[RAW DATA]

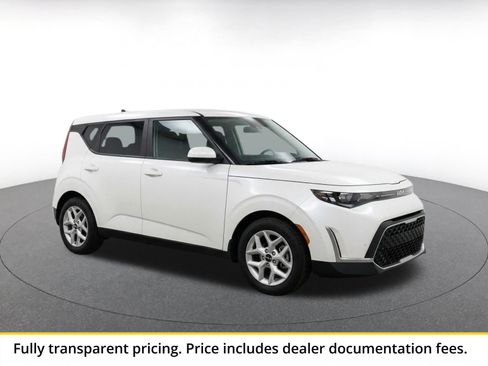 Used 2025 Kia Soul LX w/ LX Technology Package FWD image 1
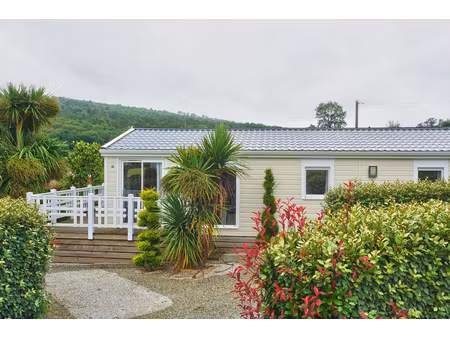 chalet dans un parc résidentiel de loisir au lac de guerléda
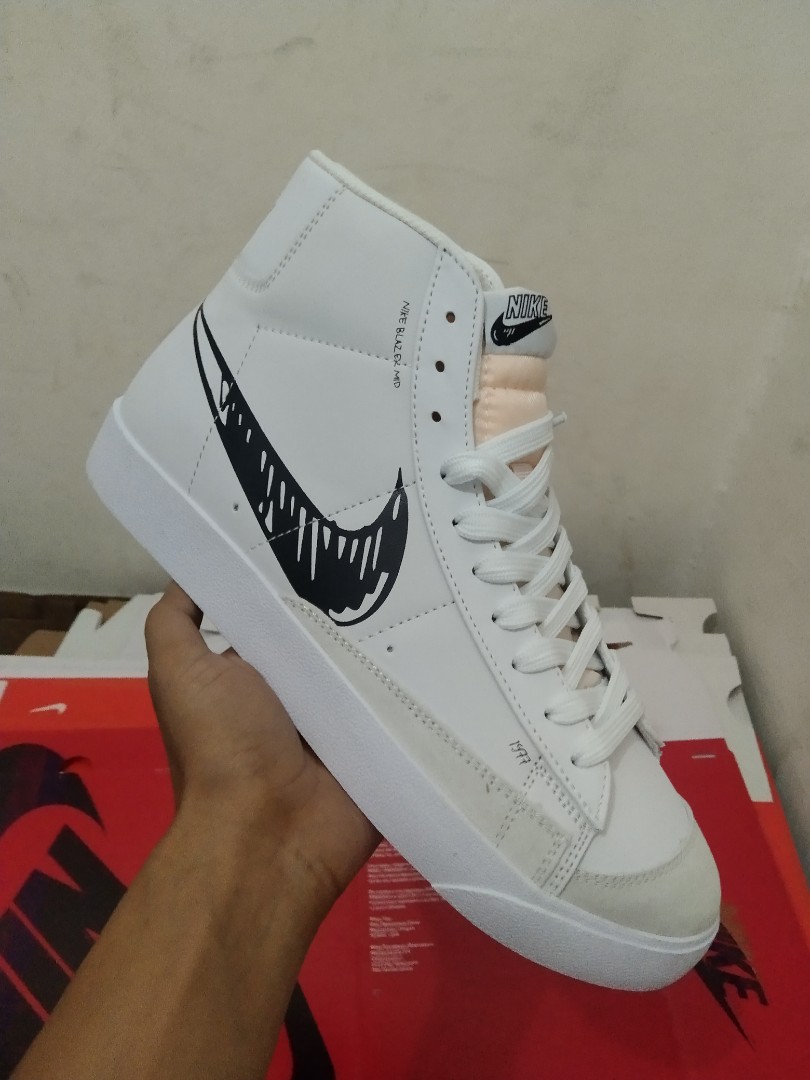 Sepatu Nike Blazer Mid '77 Sketch 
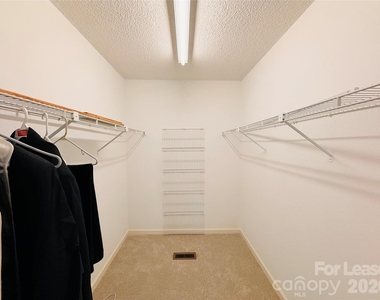 118 Sunfish Drive - Photo Thumbnail 6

[/RAW DATA]

> PROBLEM DETAILS: Return exactly the lines that begin with the one containing "chalet dans un" and end with the final line of the data above; include no pictures.

> ANSWER TO THIS PROBLEM:
 chalet dans un parc résidentiel de loisir au lac de guerléda
 Sepatu Nike Blazer Mid '77 Sketch 
 118 Sunfish Drive - Photo Thumbnail 6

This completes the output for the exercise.